In kern 10 ligt de nadruk op technisch lezen, begrijpend lezen, spelling en taal. Het thema van kern 10 gaat over het verzamelen van knikkers, plaatjes, spelletjes, snuisterijen of foto’s van een popidool of favoriete groep. Het verhaal waarmee de kern start heet: ‘Een broekzak vol schatten’.
Aan het einde van kern 10 kunnen de kinderen: Eenlettergrepige woorden correct en vlot lezen die eindigen op ‘uw(t)’ (zoals: ruw, duwt), op ‘eeuw’ (zoals: leeuw) en op ‘ieuw’ (zoals: nieuw).
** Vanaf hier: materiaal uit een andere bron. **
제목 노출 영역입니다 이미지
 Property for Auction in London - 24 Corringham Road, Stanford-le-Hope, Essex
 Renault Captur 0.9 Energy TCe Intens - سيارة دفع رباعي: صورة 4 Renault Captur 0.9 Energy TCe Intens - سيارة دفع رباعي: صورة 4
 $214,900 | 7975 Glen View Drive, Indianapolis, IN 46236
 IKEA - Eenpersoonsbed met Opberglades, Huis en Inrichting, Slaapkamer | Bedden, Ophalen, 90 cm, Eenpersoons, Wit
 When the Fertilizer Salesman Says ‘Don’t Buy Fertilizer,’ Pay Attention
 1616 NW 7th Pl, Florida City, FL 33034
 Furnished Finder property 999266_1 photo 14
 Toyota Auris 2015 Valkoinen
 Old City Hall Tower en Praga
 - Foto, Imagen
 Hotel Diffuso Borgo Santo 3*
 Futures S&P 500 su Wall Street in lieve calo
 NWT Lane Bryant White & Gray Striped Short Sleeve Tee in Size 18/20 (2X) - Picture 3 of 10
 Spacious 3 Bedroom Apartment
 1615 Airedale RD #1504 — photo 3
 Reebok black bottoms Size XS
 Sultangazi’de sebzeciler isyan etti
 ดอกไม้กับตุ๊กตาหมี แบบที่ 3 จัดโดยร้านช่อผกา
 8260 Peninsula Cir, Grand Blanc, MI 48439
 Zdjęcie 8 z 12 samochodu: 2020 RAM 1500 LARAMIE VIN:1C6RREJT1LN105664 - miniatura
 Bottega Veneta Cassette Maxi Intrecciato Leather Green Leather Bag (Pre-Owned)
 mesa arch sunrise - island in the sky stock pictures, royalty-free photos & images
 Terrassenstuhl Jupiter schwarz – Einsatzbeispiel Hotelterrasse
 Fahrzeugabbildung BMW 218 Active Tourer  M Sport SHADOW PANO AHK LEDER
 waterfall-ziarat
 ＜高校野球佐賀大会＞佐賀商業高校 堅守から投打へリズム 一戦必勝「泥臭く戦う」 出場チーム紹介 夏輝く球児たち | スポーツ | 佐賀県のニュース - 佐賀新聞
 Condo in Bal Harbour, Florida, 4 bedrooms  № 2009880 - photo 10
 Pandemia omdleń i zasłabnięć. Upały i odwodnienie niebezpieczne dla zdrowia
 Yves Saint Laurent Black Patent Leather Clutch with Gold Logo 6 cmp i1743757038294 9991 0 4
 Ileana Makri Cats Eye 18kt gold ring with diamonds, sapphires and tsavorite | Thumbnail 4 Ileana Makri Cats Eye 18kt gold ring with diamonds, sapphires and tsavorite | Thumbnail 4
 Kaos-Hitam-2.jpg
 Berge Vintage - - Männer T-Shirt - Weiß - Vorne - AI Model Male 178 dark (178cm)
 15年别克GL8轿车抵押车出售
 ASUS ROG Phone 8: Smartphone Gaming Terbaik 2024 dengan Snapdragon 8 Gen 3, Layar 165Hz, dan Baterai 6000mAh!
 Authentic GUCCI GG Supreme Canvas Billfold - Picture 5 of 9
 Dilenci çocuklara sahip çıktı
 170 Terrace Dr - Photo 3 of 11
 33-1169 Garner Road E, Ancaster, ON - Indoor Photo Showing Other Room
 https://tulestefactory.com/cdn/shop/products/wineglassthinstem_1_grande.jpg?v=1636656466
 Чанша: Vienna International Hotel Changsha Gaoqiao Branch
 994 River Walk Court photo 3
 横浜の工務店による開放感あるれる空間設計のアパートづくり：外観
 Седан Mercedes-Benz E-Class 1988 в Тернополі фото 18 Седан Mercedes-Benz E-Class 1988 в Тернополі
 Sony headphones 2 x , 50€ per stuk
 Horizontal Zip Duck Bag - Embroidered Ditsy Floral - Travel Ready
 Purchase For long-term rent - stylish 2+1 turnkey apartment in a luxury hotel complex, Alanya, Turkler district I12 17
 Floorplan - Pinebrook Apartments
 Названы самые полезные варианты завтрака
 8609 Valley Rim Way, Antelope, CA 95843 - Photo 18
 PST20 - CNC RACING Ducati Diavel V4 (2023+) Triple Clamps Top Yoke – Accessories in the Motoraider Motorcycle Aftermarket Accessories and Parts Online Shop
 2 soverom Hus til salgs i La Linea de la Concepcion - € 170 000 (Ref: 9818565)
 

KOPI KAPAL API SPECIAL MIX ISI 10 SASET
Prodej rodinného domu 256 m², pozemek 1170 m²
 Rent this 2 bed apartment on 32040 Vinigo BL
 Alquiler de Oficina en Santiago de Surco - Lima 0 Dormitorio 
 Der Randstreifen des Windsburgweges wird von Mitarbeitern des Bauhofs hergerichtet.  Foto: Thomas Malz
Algemene tweelettergrepige woorden correct en vlot lezen (zoals: starten, stengel, slechte, kleinste, mooiste).
Tweelettergrepige woorden correct en vlot lezen waarvan de eerste lettergreep een open lettergreep is (zoals: jaren, muren, bomen, lezen).
Teksten met verwijswoorden begrijpen. Denkvragen over een tekst beantwoorden. Conclusies trekken uit de context van een gelezen tekst.
Eenvoudige, klankzuivere mmkmm woorden correct opschrijven.
Woorden correct opschrijven die beginnen met ‘sch’ (zoals: school).